Nella prima riunione dei G20 alla quale partecipava Obama sostenne che per superare i profondi squilibri formatisi nell’economia mondiale ogni Paese dovesse rimettere in discussione il suo modello di sviluppo. Il governo tedesco rifiutò questo approccio e da allora ha imposto all’area euro una politica di contenimento della domanda interna che ha senso solo se si volesse fare adottare anche all’intera area euro una strategia mercantilista. Questo è un approccio velleitario che fa dell’Europa non solo il centro della crisi economica mondiale, ma anche il principale ostacolo alla ricerca di nuove forme di cooperazione per il superamento degli squilibri dell’economia mondiale. Ad essa si deve opporre il rilancio di una visione che vede obiettivo della crescita economica il maggiore benessere dei cittadini anche se tale benessere deve essere definito oggi in relazione ai nuovi bisogni ed ai profondi mutamenti nel livello di vita e nella composizione demografica. E restituisca alla politica economica il compito di puntare con ogni mezzo a realizzare la piena utilizzazione delle risorse di ciascun Paese anche se questo può essere conseguito oggi sopratutto attraverso politiche macroeconomiche di dimensione europea.
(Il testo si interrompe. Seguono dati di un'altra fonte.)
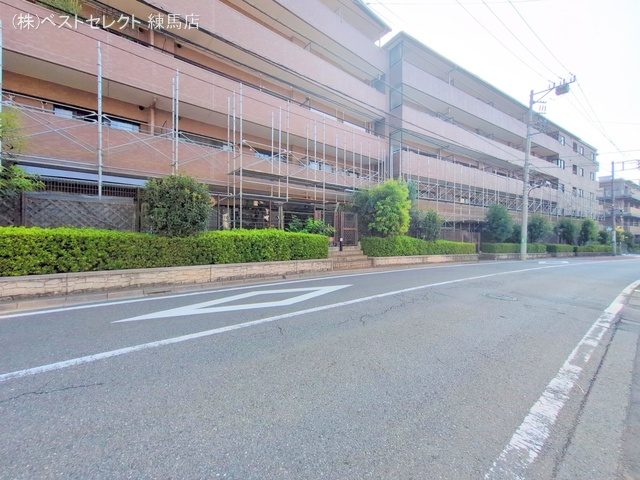 東京都練馬区大泉町4丁目の新築戸建て完成写真 2025年9月9日撮影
Questi sono i termini del confronto che non è fra italiani e tedeschi, ma fra una cultura conservatrice che risuscita pratiche e valori ottocenteschi ed una cultura riformista che deve provare a rilanciare nella realtà di oggi i valori e le politiche innovatrici che dettero allora la risposta vincente alla crisi. Ed è un confronto in corso anche in Germania dove voci autorevoli si stanno opponendo alla politica del governo. Tale confronto conoscerà probabilmente una svolta se ci sarà un mutamento nella situazione politica tedesca.